Weeknotes #013: DevOps Salad
What I did in the 49th week of 2020
Ok I admit it.
I do not really enjoy DevOps, or the Infrastructure building part of being a developer. Yes, it is an essential part of the job. Yes, your apps need somewhere to run. Yes, there is some joy in a well running machine. However I never get excited about wiring these bits up. It is always a means to a more exciting end.
A healthy, balanced developer diet is not always the most exciting, but I know I will be a better dev for regularly partaking.
This week ended up looking like a DevOps salad. A tumble of little infrastructure jobs, tweaks and learning about our servers. I refreshed myself on our deployment pipelines with concourse, learned how the UK’s Platform as a Service scales on AWS, and helped improve our monitoring. For all my complaining, it was actually quite nice, the variety helps!
Pretty good timing too, I went on call again this week. Occasionally you need to move quickly to fix something, this balanced diet of server and monitoring knowledge surely helps.
Oof, even with easing back into tiered restrictions (a mere “tier 2” in my patch), I am missing a bit more difference. I have let things become slightly repetitive and a little same-y. I think usually holidays, visits to friends and other adventures would have broken things up a bit.
I’ll have to try and make life salad next week and find a way to sneak some variety in there too. Some leave coming up should help.
I kept on reading this week, re-starting “Who We Are and How We got Here” a mindblowing book on genetics and human history by David Reich. I am reading and re-reading it slowly, and should write something soon. I feel each chapter is littered with exciting surprises from a cutting edge of paleontology.
I also read all of The Fat Years by Chan Koonchung. A really interesting read with a strong premise (an entire country loses a month?), it has a strong piece it wants to say about power, rule and China.
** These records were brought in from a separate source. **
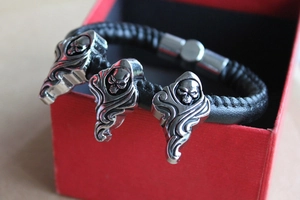 Detail of black braided leather bracelet with three silver skull metal charms on red gift box
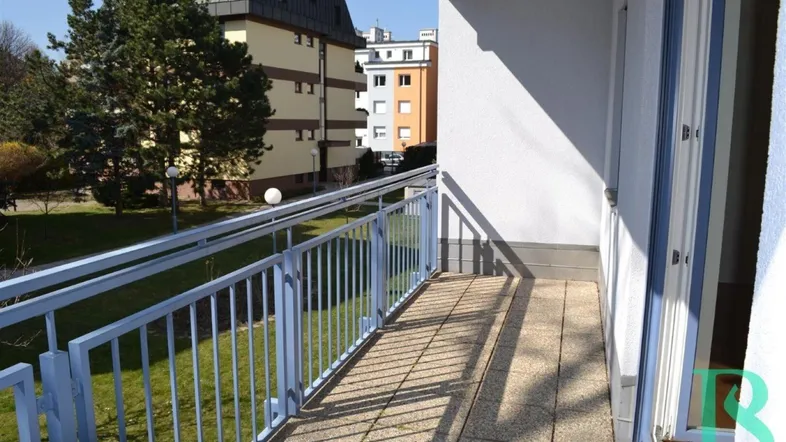 Heller Balkon mit Fliesenboden und blauem Geländer, bietet Blick auf die umliegenden Gebäude und Grünflächen.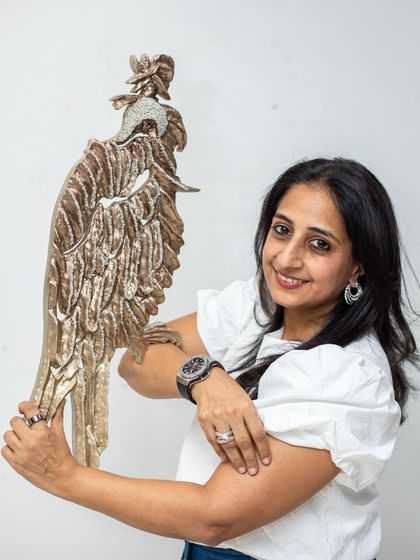 A portrait with "The Bronze Guardian." The hawk's form is both elegant and formidable, reflecting a spirit of leadership.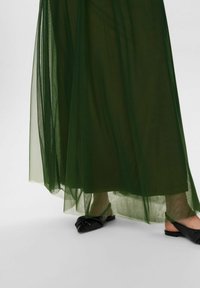 Zöld áttetsző maxi szoknya, amely légies textúrával és lebegő kialakítással rendelkezik, rétegzett anyagból készült, fekete lapos slip-on cipőkkel párosítva.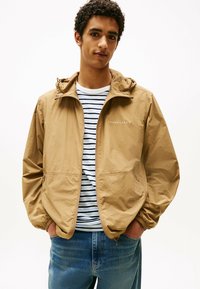 Chaqueta ligera color beige con capucha, que presenta puños elásticos y un cierre con cremallera. Llevada sobre una camiseta de rayas y vaqueros azules.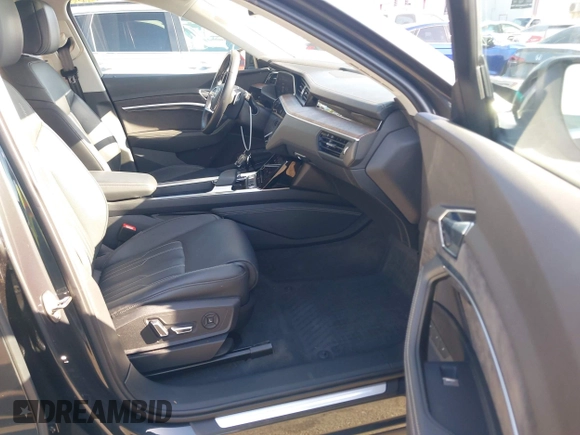 2019 Audi e-tron Prestige with VIN WA1VAAGE2KB021539, listed as a IAAI auction lot 42007353 with 14,238 mi miles and . Bid and sale history available at DreamBid. Image 5.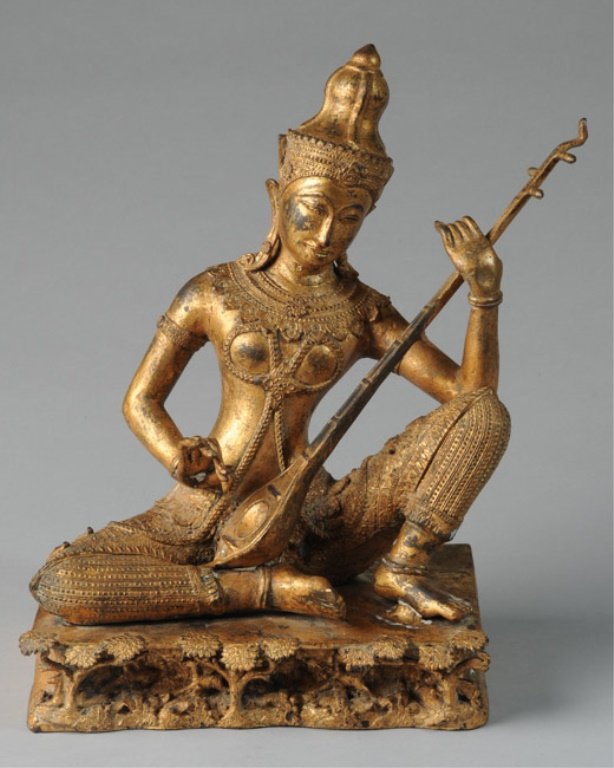 Antique Gilt Rattanakosin Thai Buddha: Playing musical instrument, fine detail. H: approx. 14 1/4". W: approx. 10 1/2". D: approx. 7".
Its structure is also very unlike things I have read before, I wonder how much of this is a Chinese literary style or just this Author.
Finally I also read The Doors of Eden by Adrian Tchaikovsky. I read “Children of Time” and “Children of Ruin” a year or so ago. The author pulls a similar trick here giving us something alien that is very close to home. I love these kind of books, gives me something truly alien to marvel, with all the familiarity and plausibility of things that I can find in my back garden. You get a fun story and newfound wonder for what is outside your own door.
A bit of current affairs but not a lot again. I am actually thinking of cutting back on my podcast subscriptions a bit. The ever growing pile starts to feel like an in tray. Plus, I am really enjoying books right now.
- So much fog around right now, I wonder why? Every window frames an eerie scene.